Introduction

This R Markdown document is designed to transform data that is not in CWP format into CWP format. Initially, it changes the format of the data; subsequently, it maps the data to adhere to CWP standards. This markdown is automatically created from the function: https://raw.githubusercontent.com/firms-gta/geoflow-tunaatlas/refs/heads/master/R/tunaatlas_scripts/pre-harmonization/indian_ocean_effort_tunaatlasiotc_level0_EF_RAW_2026.R, the documentation keeps the format of roxygen2 skeleton.

A summary of the mapping process is provided. The path to the dataset is specified. You will find on this same repository on GitHub the first line of each dataset. The datasets are named after the historical name provided by tRFMOs while exporting and may change. The information provided in the Rmd allows understanding correctly which dataset should be used in this markdown.

Additional operations are performed next to verify other aspects of the data, such as the consistency of the geolocation, the values, and the reported catches in numbers and tons.

If you are interested in further details, the results and codes are available for review.

Each .Rmd script requires the user to knit the dataset at the beginning of the script in order to execute the harmonization process correctly.
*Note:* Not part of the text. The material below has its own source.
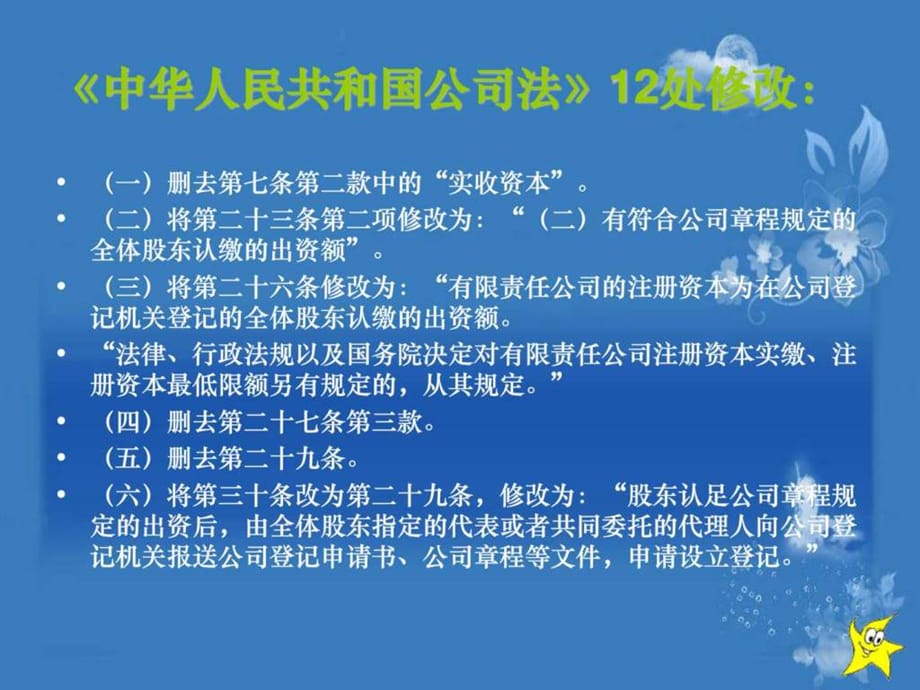 最新公司法全文解讀與解析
It is also possible to run the code chunk by chunk but be sure to be in the correct working directory (i.e., the one of the .Rmd).
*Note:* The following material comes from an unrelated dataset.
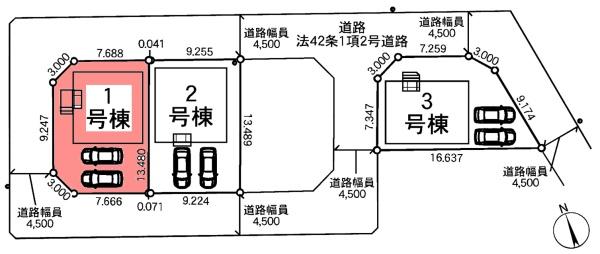 岡崎市中島町新築戸建全3棟1号棟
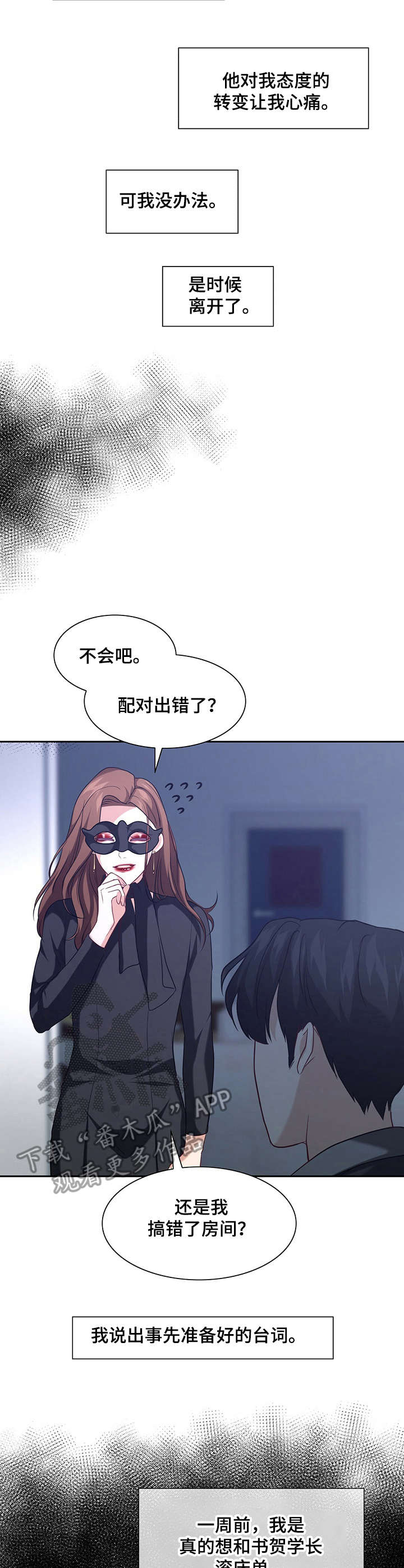 《秘密配对》漫画最新章节第7章：态度变化免费下拉式在线观看章节第【4】张图片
path_to_raw_dataset <- here::here('R/tunaatlas_scripts/pre-harmonization', 'iotc', 'effort', 'data', 'EF_RAW.csv')

Harmonize IOTC Effort Dataset (standardized formatting)

This geoflow step reads an IOTC effort raw dataset and formats it into the harmonized Tuna Atlas structure (one record per stratum with standard fields),

@return None; the function outputs files directly and registers them as geoflow resources.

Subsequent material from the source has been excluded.